Meine sehr geehrten Damen und Herren, meine Fraktion teilt mit der Fraktion DIE LINKE das Ziel, die Einbürgerung von nichtdeutschen Staatsangehörigen zu erleichtern, auch wenn im Detail manchmal unsere Meinungen ein bisschen auseinandergehen. Aber ich denke, das ist nicht das Problem bei diesem Antrag.

Die weitaus größte Zahl der Einbürgerungen erfolgt als sogenannte Anspruchseinbürgerung nach Paragraf 10 Absatz 1 des Staatsangehörigkeitsgesetzes. Danach ist ein Ausländer, der seit acht Jahren rechtmäßig seinen Aufenthalt in der Bundesrepublik Deutschland hat, auf Antrag einzubürgern, wenn er sich zur freiheitlich-demo- kratischen Grundordnung bekennt, ein unbefristetes Aufenthaltsrecht hat, den Lebensunterhalt für sich und seine Familie ohne Inanspruchnahme von Leistungen nach dem Zweiten oder Zwölften Buch Sozialgesetzbuch bestreiten kann, seine bisherige Staatsangehörigkeit aufgibt oder verliert, er nicht wegen einer rechtswidrigen Tat zu einer Strafe verurteilt wurde und über ausreichende Kenntnisse der deutschen Sprache sowie der Rechts- und Gesellschaftsordnung und der Lebensverhältnisse in Deutschland verfügt. Ich denke, das sind relativ viele

Hürden. Bezogen auf die Zahl der Einbürgerungen insgesamt machen die Anspruchseinbürgerungen bundesweit etwa 74 Prozent und in Mecklenburg-Vorpommern etwa 67 Prozent der Einbürgerungen aus.
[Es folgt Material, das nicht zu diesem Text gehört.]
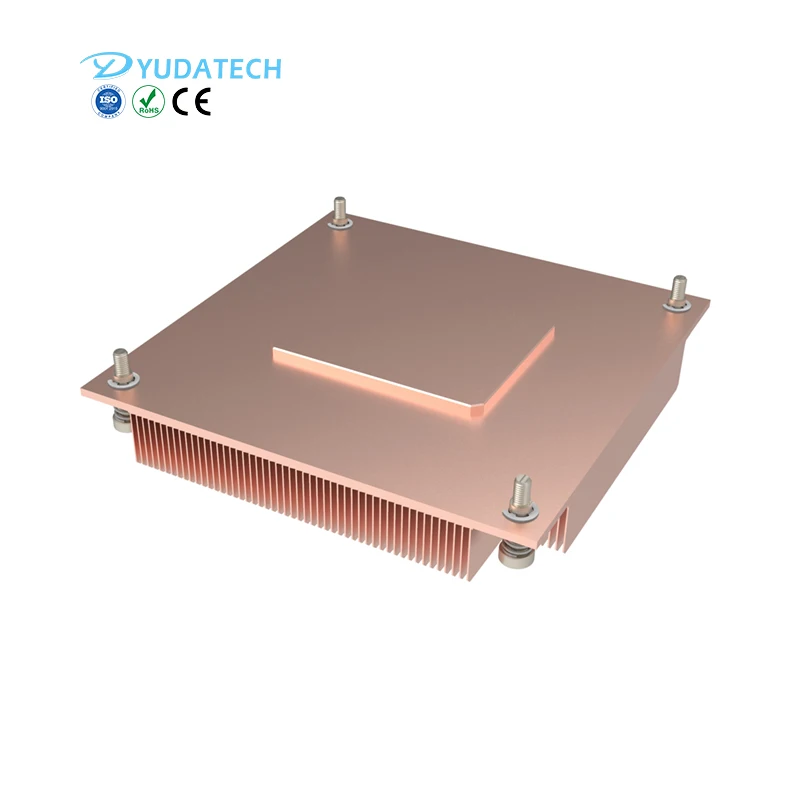 Heatsink factory custom CNC skiving copper fin server cooling heat sink for Electronics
Interessant wird es nun bei der sogenannten Ermessenseinbürgerung nach Paragraf 8 des Staatsangehörigkeitsgesetzes. Danach kann ein Ausländer, der rechtmäßig seinen gewöhnlichen Aufenthalt im Inland hat, auf Antrag schon dann eingebürgert werden, wenn er handlungsfähig im Sinne des Aufenthaltsgesetzes oder gesetzlich vertreten ist, er nicht wegen einer rechtswidrigen Tat zu einer Strafe verurteilt wurde, er eine eigene Wohnung oder ein Unterkommen gefunden hat und sich und seine Angehörigen zu ernähren imstande ist. Bezogen auf die Zahl der Einbürgerungen insgesamt machen die Ermessenseinbürgerungen bundesweit etwa vier Prozent, in Mecklenburg-Vorpommern aber nur zwei Prozent aus. Sie sehen, da ist noch ein kleiner Spielraum.
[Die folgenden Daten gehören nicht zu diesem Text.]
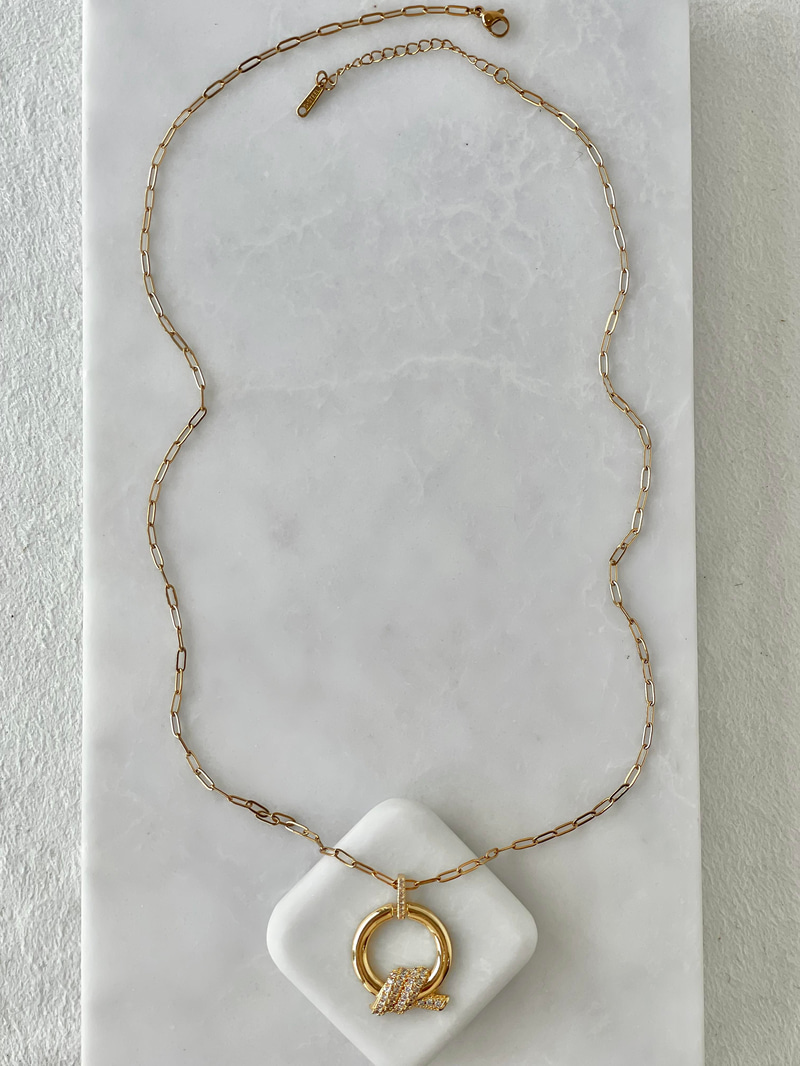 Çelik Gömme Taşlı Tasarım Daire Kolye 60 cm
Im Sinne einer partizipativen Demokratie muss unser Ziel die weitestgehende Angleichung von Wohn- und Wahlbevölkerung sein. Die grüne Bundestagsfraktion hat daher den Entwurf eines Gesetzes zur Änderung des Staatsangehörigkeitsrechts in den Bundestag eingebracht. Der Abgeordnete Hikmat Al-Sabty hat darauf bereits hingewiesen.

Kernbestandteile der von ihr vorgeschlagenen Reformen waren die folgenden Punkte:

Erstens. Der Erwerb der Staatsangehörigkeit durch Geburt im Inland soll ausgebaut werden. Dabei soll auf das sogenannte Optionsmodell verzichtet werden, das die Betroffenen zwingt, sich mit der Volljährigkeit für eine Staatsangehörigkeit zu entscheiden. Es ist integrationspolitisch kontraproduktiv, Menschen, die von ihrer Geburt an Teil dieser Gesellschaft sind, dazu zu zwingen, mit ihrer Volljährigkeit eine ihre Zugehörigkeit infrage stellende Entscheidung zu treffen.

Zweitens. Die Frist für die Einbürgerungen soll verkürzt werden. Dabei sollen auch neue Ansprüche, insbesondere für staatsangehörigkeitsrechtlich besonders schutzbedürftige Personen, im Gesetz verankert werden.